What to Make with Whole Dried Chiles
If you are new to whole dried chiles, a great starting place is our Master Salsa Recipe. Or just start by popping a chile or 2 into your next pot of beans! For those looking for more inspiration, you can try Arcelia’s Mole de Pollo and take a look at our growing list of recipes that use whole dried chiles. We’ll keep adding to this list when we find other delicious recipes out there. Found a recipe that you love that uses whole dried chiles? Send a message to firstname.lastname@example.org with the recipe and we’ll add it to the list.
Notes On 'Sold Out' and Shipping
If you see something go out of stock, it might be that we just need to pack more up. I’ll add a disclaimer to the product listing when we have fully sold out of our inventory of that chile so make sure to sign up for the ‘Back in Stock” emails to ensure you get what you’re looking for. Right now, the only chile we are pretty light on is the ancho.
Additionally, because these chiles are light, but also bulky, it's best to order in quantities of 2, 6 or 10. Odd amounts may result in some ... strangely filled large boxes with high shipping costs.
Winter Rains and Looking Ahead
The rains have poured down on us here in Anderson Valley since the end of October and we’re happy to report that our irrigation pond is filling up. At this time last year, I think we could still see the bottom of the pond and right now, the water level is the highest I’ve ever seen it. We've had over 20 inches of rain and it's only January. There’s daffodils blooming (yes, too early) but the lush winter grasses are tinted yellow after a hard frost and cold weather just before the New Year.

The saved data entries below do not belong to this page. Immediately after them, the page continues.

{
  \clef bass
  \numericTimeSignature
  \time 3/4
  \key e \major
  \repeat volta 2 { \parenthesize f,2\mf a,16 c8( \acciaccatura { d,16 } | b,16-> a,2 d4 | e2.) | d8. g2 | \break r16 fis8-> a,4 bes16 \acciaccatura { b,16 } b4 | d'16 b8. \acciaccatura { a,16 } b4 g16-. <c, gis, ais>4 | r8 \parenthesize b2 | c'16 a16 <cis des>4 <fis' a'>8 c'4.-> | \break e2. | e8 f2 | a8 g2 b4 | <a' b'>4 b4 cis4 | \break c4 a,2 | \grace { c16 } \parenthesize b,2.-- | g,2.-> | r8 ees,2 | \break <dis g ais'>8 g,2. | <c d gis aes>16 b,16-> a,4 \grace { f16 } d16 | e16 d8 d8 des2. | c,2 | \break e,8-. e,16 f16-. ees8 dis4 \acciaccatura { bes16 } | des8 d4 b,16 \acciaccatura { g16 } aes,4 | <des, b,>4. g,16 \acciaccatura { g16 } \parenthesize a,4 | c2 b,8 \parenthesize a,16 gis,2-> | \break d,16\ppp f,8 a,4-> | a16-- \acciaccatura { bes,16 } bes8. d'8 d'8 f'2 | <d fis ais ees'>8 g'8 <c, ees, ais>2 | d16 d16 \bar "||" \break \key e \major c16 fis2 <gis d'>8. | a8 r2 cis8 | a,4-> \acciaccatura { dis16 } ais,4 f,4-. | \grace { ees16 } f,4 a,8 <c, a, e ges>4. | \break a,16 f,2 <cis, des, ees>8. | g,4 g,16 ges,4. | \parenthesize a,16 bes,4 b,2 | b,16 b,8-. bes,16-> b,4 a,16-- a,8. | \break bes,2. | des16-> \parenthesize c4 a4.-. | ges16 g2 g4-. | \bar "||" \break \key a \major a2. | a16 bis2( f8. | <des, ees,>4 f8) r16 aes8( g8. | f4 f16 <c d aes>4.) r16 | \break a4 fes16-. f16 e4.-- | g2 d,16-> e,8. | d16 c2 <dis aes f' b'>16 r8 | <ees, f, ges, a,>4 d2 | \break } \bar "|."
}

Our cover crop is slowing growing in and we’re already flipping the greenhouse over from chile drying zone to chile growing zone. We’ll wait to start germinating all our seeds till next month but we’re deep in 2022 planning mode with any seeds we need on order and are trying to find the right balance between growth and what our bodies and spirits find realistic and enjoyable. We went a little wild in 2021, growing more varieties of chiles than we ever had before which was utterly exhausting. This year, we’re cutting out what either didn’t work well or was just too much (a sad goodbye to Dakota Black popcorn and Aji Limon chiles that you probably didn’t even know we were growing). Cutting things back a bit and focusing on what we know we're good at will be a welcome change this year.

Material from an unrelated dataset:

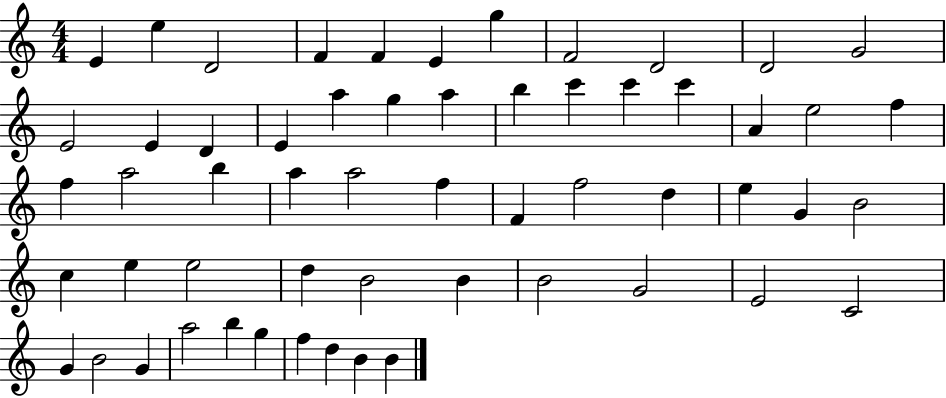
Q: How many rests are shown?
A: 0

Oh! Two very lovely articles about us came out at the end of the year. Check out these great pieces from California Grown and Modern Farmer!
What We're Cooking
- I’ve made this new Minestrone Soup with Piment Fried Croutons about 3 times in the past few weeks. It was even part of our Christmas Day meal! It’s nourishing, comforting, and perfect on a rainy/snowy (depending on where you live in the country) evening.

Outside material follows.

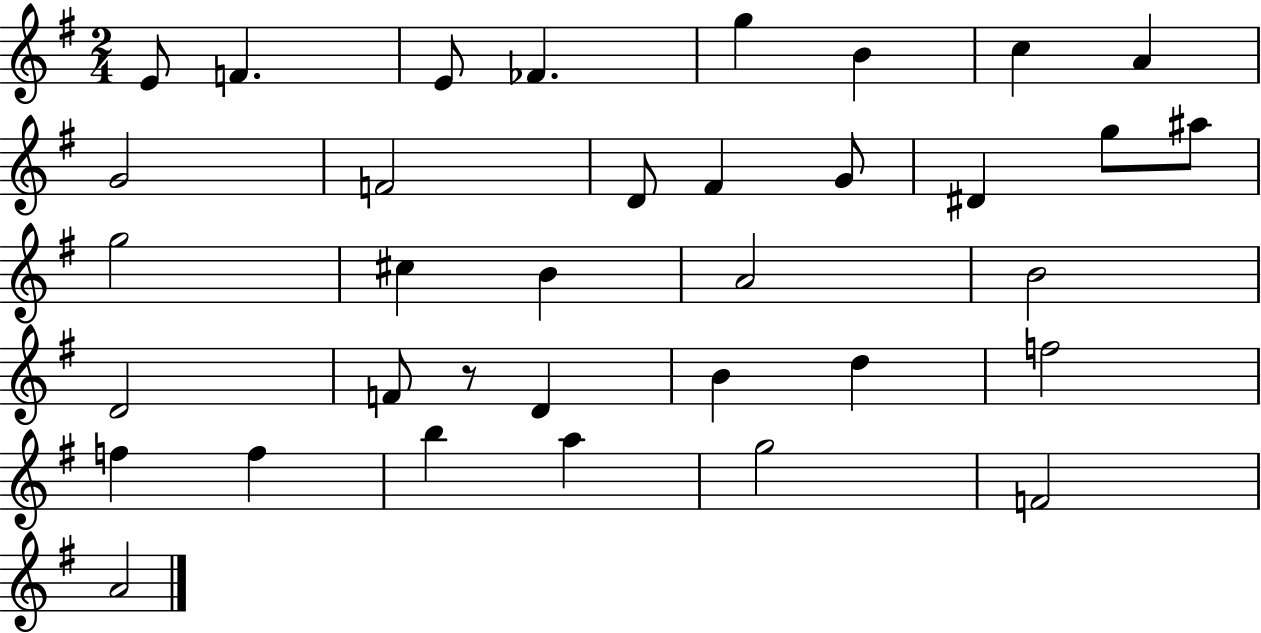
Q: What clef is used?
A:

- Also a hit for us at the end of the year was multiple batches of Piment Party Snack Mix. We did not bring it to any parties, but we did eat the majority of it on our own. It’s flavorful, spicy, and a great snack.
- And we’ll continue to work through this list of different foods to cook with whole dried chiles! On our menu for this week is Chili Colorado, and we’ll be giving a go at making Thai Red Curry Paste (both recommended by my all time favorite author Robin Sloan) and Burmese Chicken braised with turmeric and coconut milk!